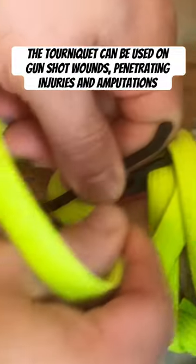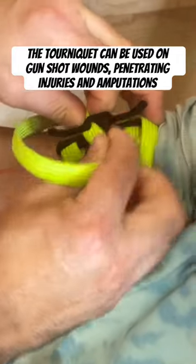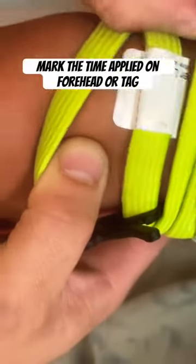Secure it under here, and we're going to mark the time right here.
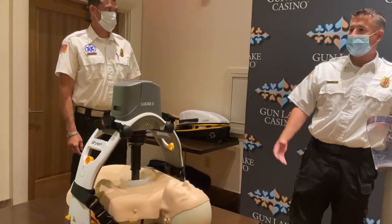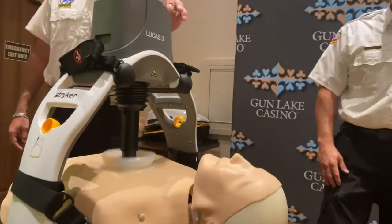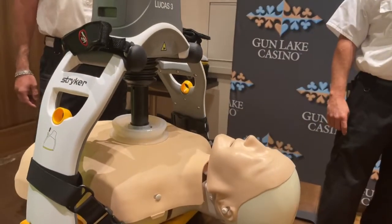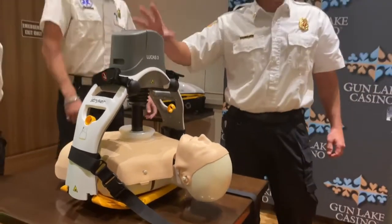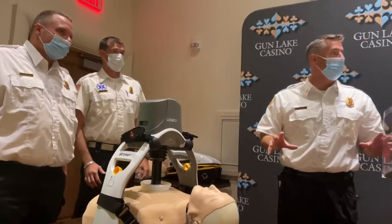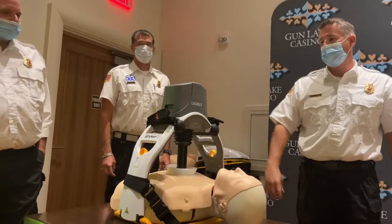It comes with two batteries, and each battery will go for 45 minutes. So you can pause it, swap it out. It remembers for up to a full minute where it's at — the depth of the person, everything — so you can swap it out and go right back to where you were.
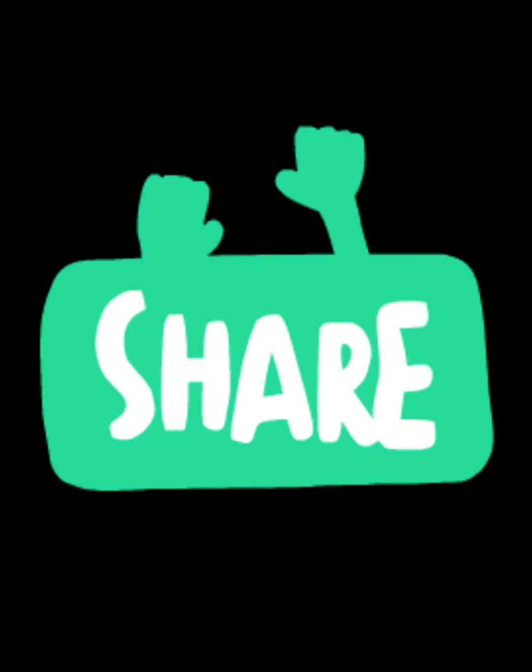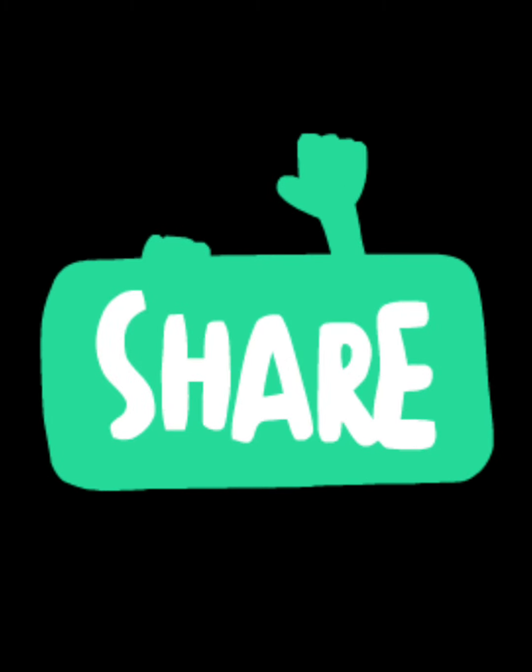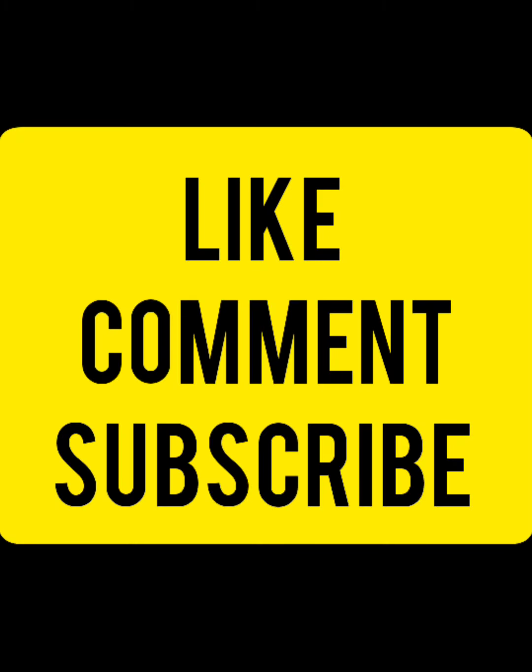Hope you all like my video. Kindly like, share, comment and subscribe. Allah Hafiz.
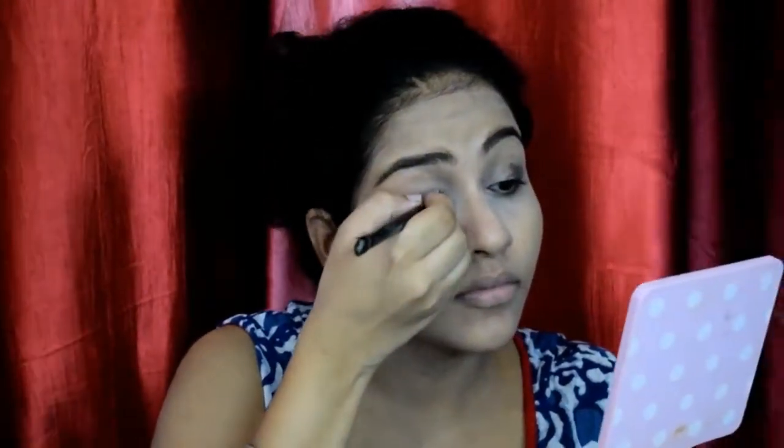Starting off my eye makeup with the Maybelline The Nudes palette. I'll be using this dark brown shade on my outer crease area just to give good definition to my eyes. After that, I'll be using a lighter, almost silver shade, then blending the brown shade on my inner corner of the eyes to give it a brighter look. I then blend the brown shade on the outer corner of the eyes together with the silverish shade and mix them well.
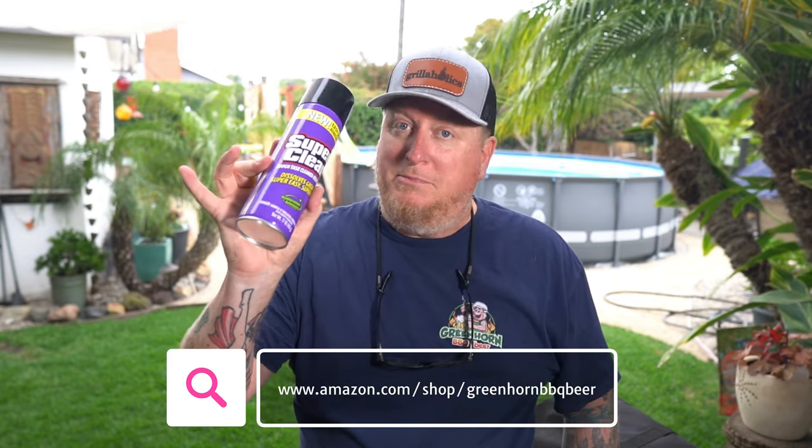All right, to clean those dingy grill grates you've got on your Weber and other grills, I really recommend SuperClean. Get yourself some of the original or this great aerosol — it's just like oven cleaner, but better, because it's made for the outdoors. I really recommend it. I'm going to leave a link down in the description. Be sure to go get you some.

Directions:
Retype only the lines that run from the first line of the entries above to the line containing "Hope you all", both included. Do not carry over any pictures.

Answer to the problem:
Secure it under here, and we're going to mark the time right here.
It comes with two batteries, and each battery will go for 45 minutes. So you can pause it, swap it out. It remembers for up to a full minute where it's at — the depth of the person, everything — so you can swap it out and go right back to where you were.
Hope you all like my video. Kindly like, share, comment and subscribe. Allah Hafiz.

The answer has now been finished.